After getting your emergency kit and developing your family emergency plan, your next step is to become and stay informed of the potential emergencies that can happen in your area as well as the latest news and developments.
Do you know what natural disasters your neighborhood is at risk for? How would you respond if one hit? What about man-made disasters in your region? Identifying the potential risk and planning for your response means that you and your family will lessen the impact and shorten the time to get your life back on track.
Use our collection of disaster information in our Emergency Preparedness Resource Library to get you started.
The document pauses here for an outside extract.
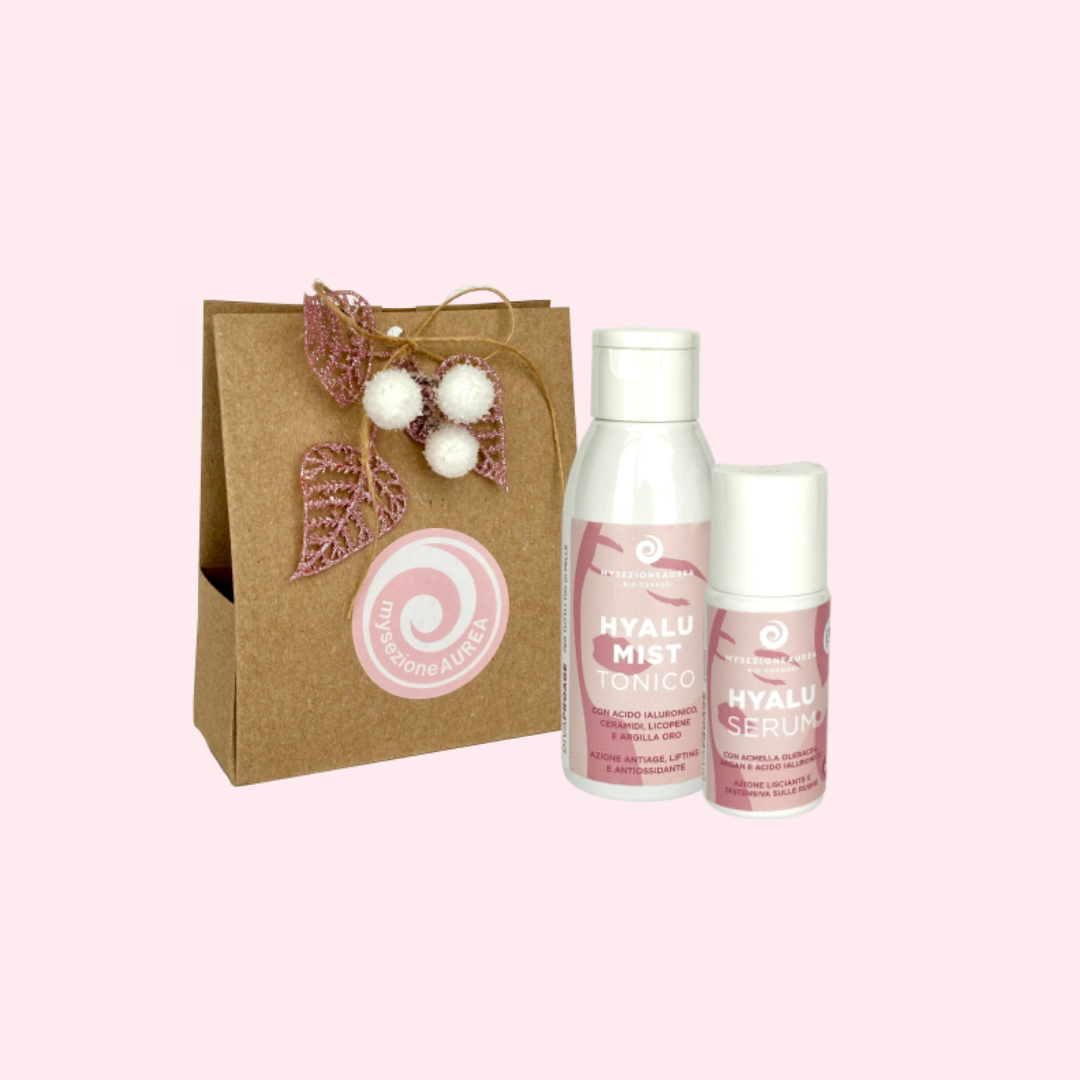 Scatolina Origami fatta a mano con Tonico Mist travel size e mini Siero Viso con acido Ialuronico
We've also included links to government and non-profit agencies as well as links to our favorite Twitter and Facebook pages.
Did you know...
On June 12, 2009 all full-power broadcast television stations in the United States ceased broadcasting on traditional (analog) airwaves and begin broadcasting only in digital. Digital broadcasting allows television stations to offer improved picture and sound quality and additional channels. An important benefit of the switch to all-digital broadcasting is that it now frees up new parts of the traditional (analog) broadcast spectrum for public safety communications (such as police, fire departments, and rescue squads). Find out more about whether or not you will be impacted by the digital TV (DTV) transition. Visit the Federal Communications Commission web site here http://www.dtv2009.gov/.
Do you know how to prepare for and respond to natural and man-made disasters in your area? Consult our Emergency Preparedness Library for complete information, safety tips, and more.
Social Media is providing up-to-the-minute news coverage for thousands of people around the world. Are you ready to become a friend, fan or follower of emergency preparedness? Here are some important organizations to follow:
@ your local office of emergency management (search "your city name OEM" ex: Portland OEM)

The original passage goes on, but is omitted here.